When Should Users Check? A Decision-Theoretic Model of Confirmation Frequency in Multi-Step AI Agent Tasks
Jieyu Zhou, Aryan Roy, Sneh Gupta, Daniel Weitekamp, Christopher J. MacLellan
TL;DR
This work addresses when users should intervene during long-horizon, agentic AI tasks. It introduces a decision-theoretic, minimum-time scheduling model that places intermediate confirmations (CDCR-based checks) to balance confirmation burden against error-diagnosis cost, and validates it with a formative study and a larger within-subjects experiment. Findings show a strong user preference (81%) for intermediate confirmation and a 13.54% reduction in task completion time, with early-stage errors yielding the greatest gains. The contributions position confirmation as a mixed-initiative interaction design, offering guidance for more reliable, user-supervised agent systems and pointing to broader cost and trust considerations in practical deployments.
Abstract
Existing AI agents typically execute multi-step tasks autonomously and only allow user confirmation at the end. During execution, users have little control, making the confirm-at-end approach brittle: a single error can cascade and force a complete restart. Confirming every step avoids such failures, but imposes tedious overhead. Balancing excessive interruptions against costly rollbacks remains an open challenge.
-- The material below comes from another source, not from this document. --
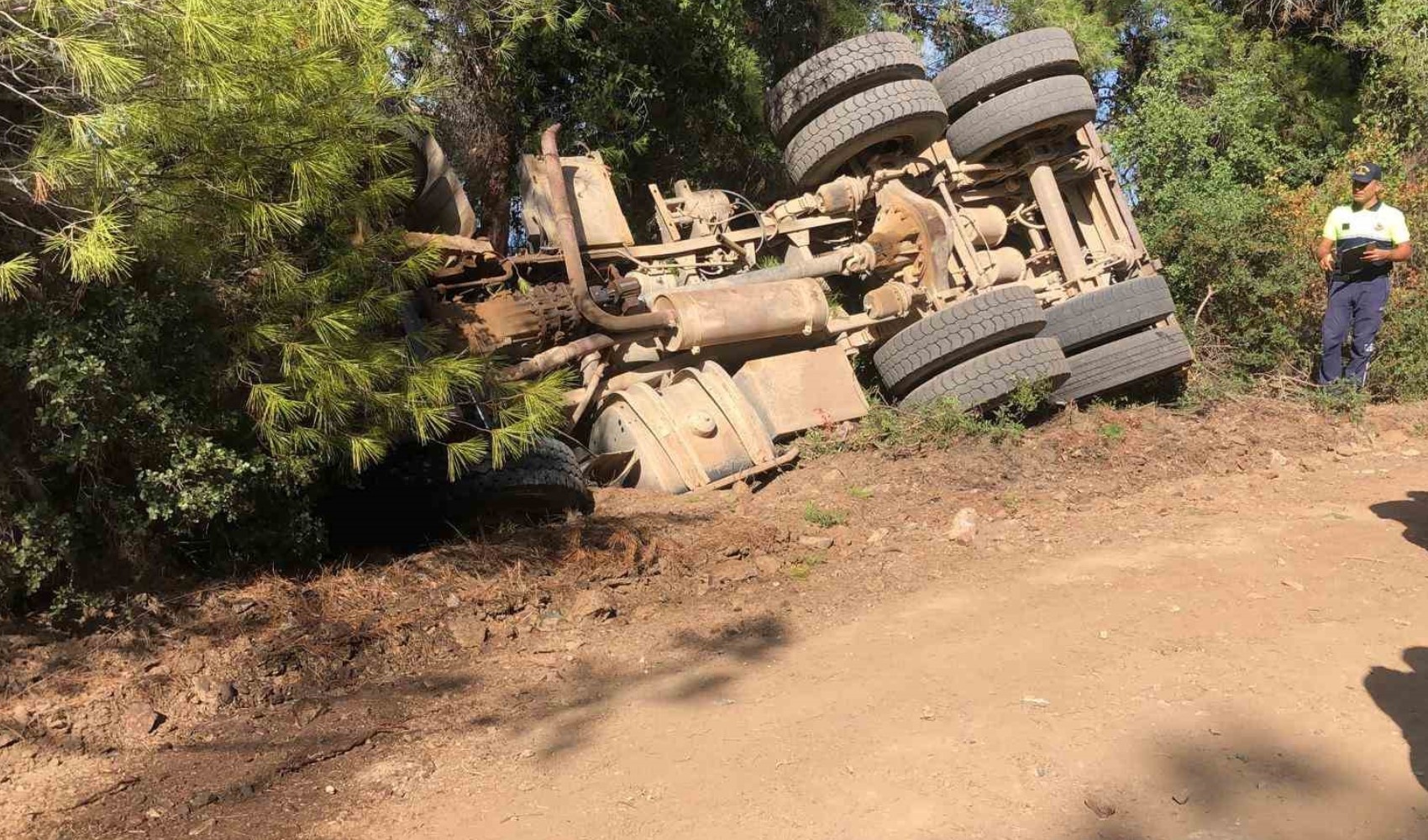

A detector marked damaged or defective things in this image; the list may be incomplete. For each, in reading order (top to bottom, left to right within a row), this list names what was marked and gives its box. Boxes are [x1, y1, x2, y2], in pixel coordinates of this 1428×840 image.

We address this problem by modeling confirmation as a minimum time scheduling problem. We conducted a formative study with eight participants, which revealed a recurring Confirmation-Diagnosis-Correction-Redo (CDCR) pattern in how users monitor errors. Based on this pattern, we developed a decision-theoretic model to determine time-efficient confirmation point placement. We then evaluated our approach using a within-subjects study where 48 participants monitored AI agents and repaired their mistakes while executing tasks. Results show that 81 percent of participants preferred our intermediate confirmation approach over the confirm-at-end approach used by existing systems, and task completion time was reduced by 13.54 percent.